───── THE INPUT ─────
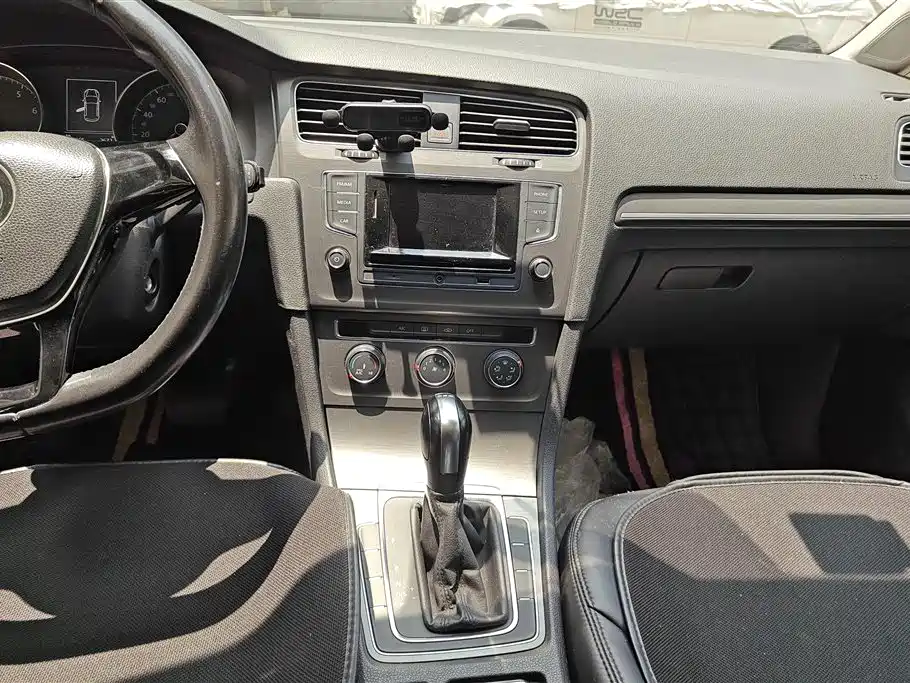 Volkswagen Golf 2016 230TSI Automatic Comfort фото 13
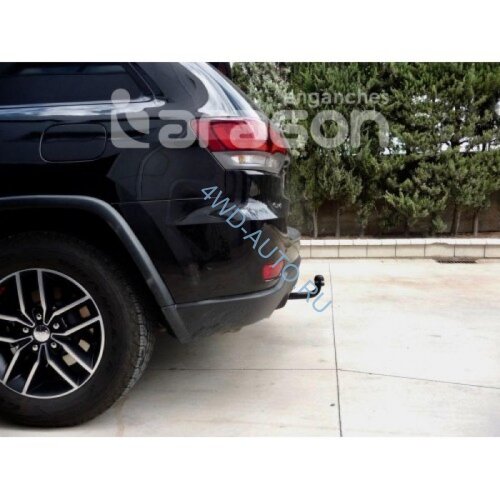 Фаркоп Aragon E2903EA на Jeep Grand Cherokee WK2, с 2010 г/в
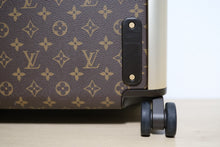 Load image into Gallery viewer, Authentic Louis Vuitton Monogram Horizon 55 Travel Rolling Luggage
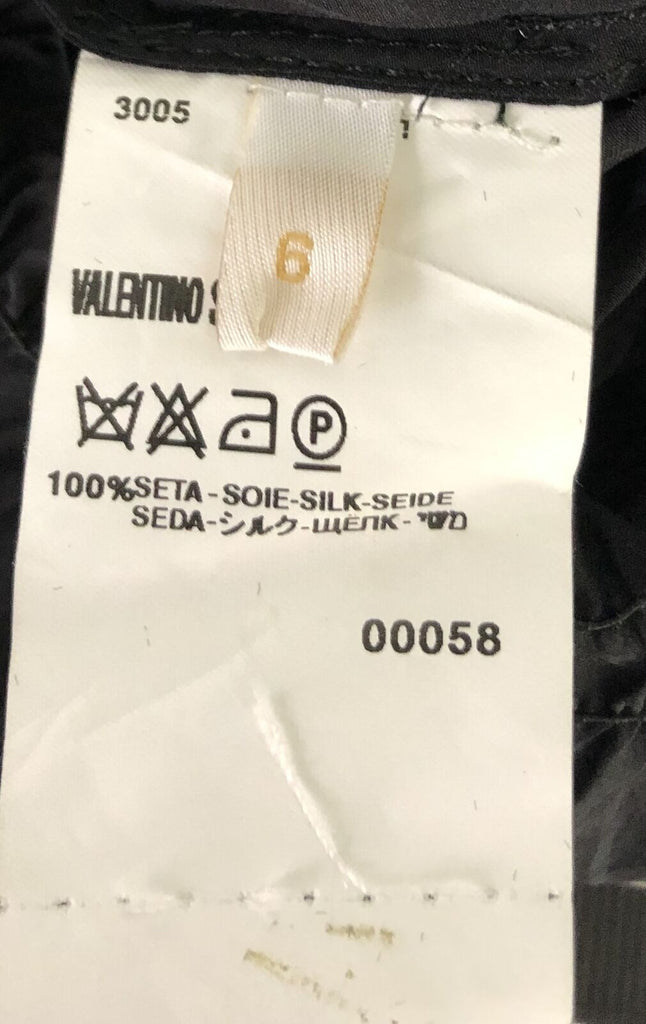 Valentino Italy. Hiver 2008 Black Short Sleeve Ruffle Trim Silk Blouse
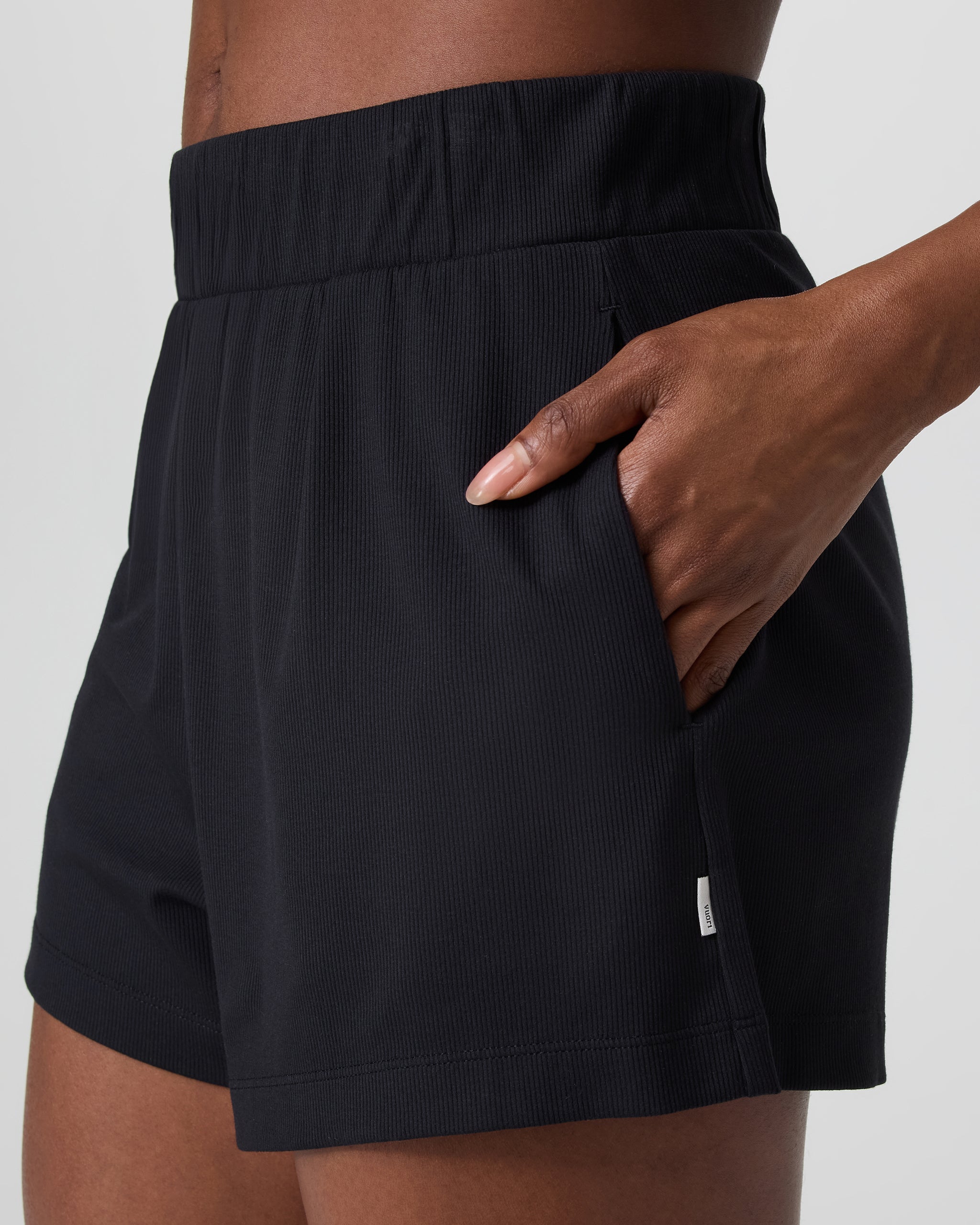 Pose Short | Black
─────
### YOUR INSTRUCTIONS
Leave the pictures aside. Set down exactly the lines from the one with "Load image into" through the final line of the listing above.

### RESULT OF THIS TASK
 Load image into Gallery viewer, Authentic Louis Vuitton Monogram Horizon 55 Travel Rolling Luggage
 Valentino Italy. Hiver 2008 Black Short Sleeve Ruffle Trim Silk Blouse
 Pose Short | Black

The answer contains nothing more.